From e88bcd1b29f63738b702e57d831758706162347e Mon Sep 17 00:00:00 2001
From: Michael Ellerman <michael@ellerman.id.au>
Date: Wed, 3 Aug 2005 20:21:25 +1000
Subject: [PATCH] ppc64: Remove redundant abs_to_phys() macro

abs_to_phys() is a macro that turns out to do nothing, and also has the
unfortunate property that it's not the inverse of phys_to_abs() on iSeries.

The following is for my benefit as much as everyone else.

With CONFIG_MSCHUNKS enabled, the lmb code is changed such that it keeps
a physbase variable for each lmb region. This is used to take the possibly
discontiguous lmb regions and present them as a contiguous address space
beginning from zero.

In this context each lmb region's base address is its "absolute" base
address, and its physbase is it's "physical" address (from Linux's point of
view). The abs_to_phys() macro does the mapping from "absolute" to "physical".

Note: This is not related to the iSeries mapping of physical to absolute
(ie. Hypervisor) addresses which is maintained with the msChunks structure.
And the msChunks structure is not controlled via CONFIG_MSCHUNKS.

Once upon a time you could compile for non-iSeries with CONFIG_MSCHUNKS
enabled. But these days CONFIG_MSCHUNKS depends on CONFIG_PPC_ISERIES, so
for non-iSeries code abs_to_phys() is a no-op.

On iSeries we always have one lmb region which spans from 0 to
systemcfg->physicalMemorySize (arch/ppc64/kernel/iSeries_setup.c line 383).
This region has a base (ie. absolute) address of 0, and a physbase address
of 0 (as calculated in lmb_analyze() (arch/ppc64/kernel/lmb.c line 144)).

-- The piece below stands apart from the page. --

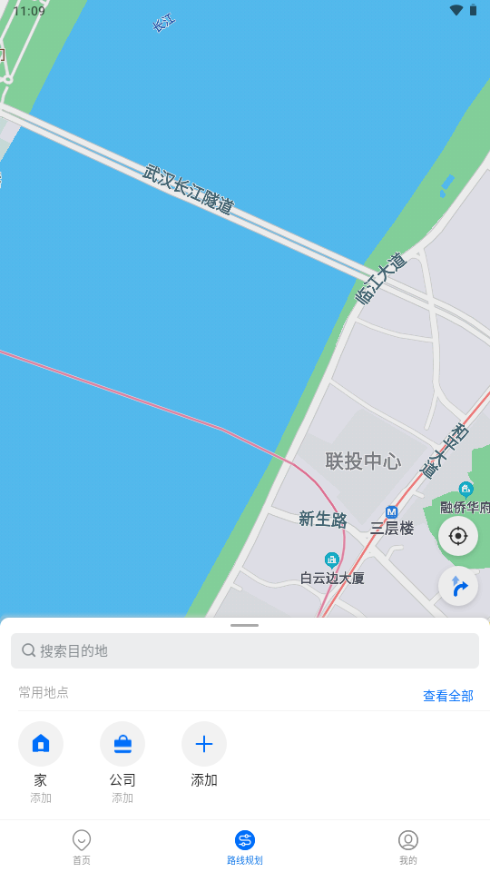 车来了app手机版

On iSeries, abs_to_phys(aa) is defined as lmb_abs_to_phys(aa), which finds
the lmb region containing aa (and there's only one, ie. 0), and then does:

 return lmb.memory.region[0].physbase + (aa - lmb.memory.region[0].base)

physbase == base == 0, so you're left with "return aa".

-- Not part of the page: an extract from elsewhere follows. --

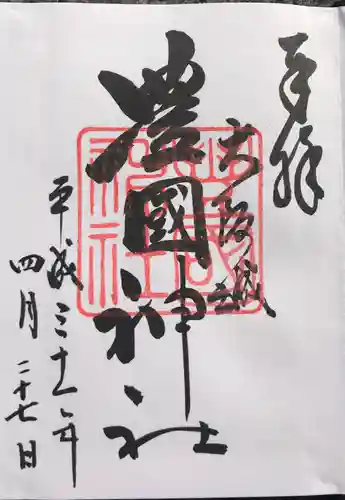豊國神社の御朱印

So remove abs_to_phys(), and lmb_abs_to_phys() which is the implementation
of abs_to_phys() for iSeries.

Signed-off-by: Michael Ellerman <michael@ellerman.id.au>
Signed-off-by: Paul Mackerras <paulus@samba.org>
---
 arch/ppc64/kernel/lmb.c      | 19 -------------------
 arch/ppc64/mm/init.c         |  4 +---
 include/asm-ppc64/abs_addr.h |  6 +-----
 3 files changed, 2 insertions(+), 27 deletions(-)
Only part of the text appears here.